鑑真は76年の生涯のうち最後の10年(753〜763)を日本で過ごしたことになる。そして最初に日本の僧、普照と栄叡に渡日の懇願をされたのが、その11年前(743年)で。その年に第1回目を試みている。この11年は渡航準備などというものではなく、渡航を実施したが5度の渡航船の転覆や渡航妨害によるものであった。
  皇帝の反対をも押し切って、日本に来た理由について、様々な推測がある。「小野勝年は日本からの留学僧の強い招請運動、日本の仏教興隆に対する感銘、戒律流布の処女地で魅力的だったという3点を挙げている。それに対して金治勇は、聖徳太子が南嶽慧思の再誕との説に促されて渡来したと述べている(「聖徳太子敬慕説」)。」という紹介が掲載されている。

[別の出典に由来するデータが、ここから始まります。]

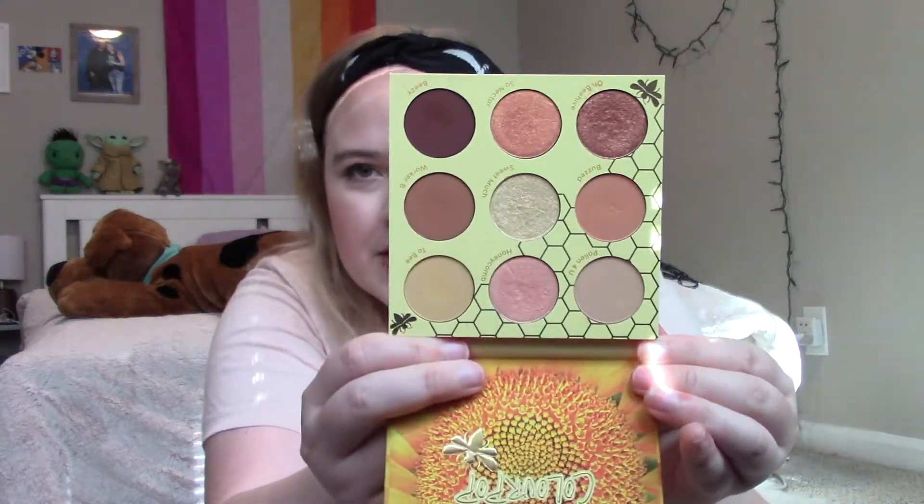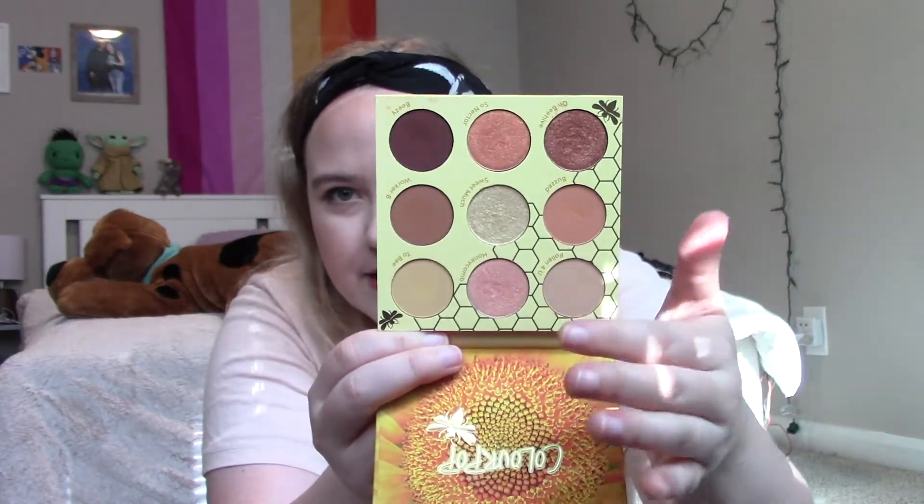Almost everything is drugstore except for one thing. Going in order of application, I'll start with an eyeshadow palette — this is the Color Pop Wannabe palette. I purchased this about a month ago and I think it's absolutely perfect for the summer. You've got some lighter shades, orangey-yellow-brown looks — it gives me all the summer looks I want. I've been using this almost exclusively; I have to force myself to pick up other palettes because I've just been using my yellow shadows every single day, which is out of character for me.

  そのほか、一部の研究者は中国の政治情勢と社会背景にも目を配って、「鑑真スパイ説」や「鑑真亡命説」などの論を展開してきた。これらに対し、王勇氏による「鑑真渡日と唐代道教」(2008)という論文には、鑑真が渡日した動機について、唐における道教と関係づけている。
  即ち、この時代(玄宗皇帝時代)道教は最も興隆していて、一方日本では天皇による道教の崇拝は無く、様々な文化様式として、遣唐使によって伝えられた可能性はあるが、唐から道教が宗教コミュニティや伝道僧によって伝えられた形跡は無い、として、前記の説には根拠が乏しく、鑑真は道教を日本にもたらさなかったどころか、道教の勢いに押されて来日した節さえある、としている。
  前日訪問した談山神社には道教の香り(道観)がすると、そこの稿で紹介したが、日本にはじわじわと道教文化が浸透し始めたのかも知れない。しかし、66歳という高齢で、道教に染まらず、道教忌避という立場を貫き、多くの犠牲を払ってまで、文化的未開国の倭国に向うという意思を持ち続けた執念は凄まじいとしか言い様がない。

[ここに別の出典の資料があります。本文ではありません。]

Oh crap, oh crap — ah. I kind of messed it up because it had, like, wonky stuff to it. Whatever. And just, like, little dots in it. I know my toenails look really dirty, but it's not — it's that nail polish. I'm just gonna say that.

  全く素人的な発想であるが、以下の見かたもあるのではないか。

  鑑真は、玄宗皇帝の過大な道教政策に嫌気がさしていたところに、日本から留学層による渡日招請があった。
  日本では、税を免れるため仏僧になるというふらちな僧がいて、これらの僧に戒めを与える制度を必要としていた。
  制度化の為にはそれを運用する授戒僧が必要で、その授戒僧を中国から招聘することが目的で、その目的に最もかなう僧として、鑑真をみつけだした。

  鑑真は18歳で菩薩戒を受け、20歳で長安に入り、翌年、登壇受具し、律宗・天台宗を学ぶという経歴を持っている。

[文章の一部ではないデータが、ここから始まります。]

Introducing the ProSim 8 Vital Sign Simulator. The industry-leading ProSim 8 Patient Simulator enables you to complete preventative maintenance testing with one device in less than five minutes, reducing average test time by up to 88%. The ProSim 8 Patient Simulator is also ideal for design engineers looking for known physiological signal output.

  そして鑑真は、玄宗皇帝の過大な道教政策に嫌気がさしていたという環境にもあり、最初に渡日の約束をしたのであろう。
  受戒の“戒”の中には“不妄語戒(ふもうごかい)即ち うそをついてはいけない、という“戒”があり、約束してしまった渡日を実現せざるを得ないという気持ちを、時と共に熟成していった。
  この約束を破ることは、鑑真のアイデンティティである“戒律”を自ら破ることになると自らの心に問い続けてきたのではないか。
  “戒”とは自分を律する内面的な道徳規範であるので、玄宗皇帝による慰留や栄叡の死があっても、曲げられぬ鑑真のアイデンティティに基づく意志だったのではないか。念じて、念じて、更に念じて、その意志を熟成させて行ったのではないだろうか。

その意味で、現今の東西の政治家は鑑真を見習わねばならない。
そして、人民の生活に強く影響を及ぼす司法、立法、行政を行うものは、今こそ一人残らず受戒が必要と思われる。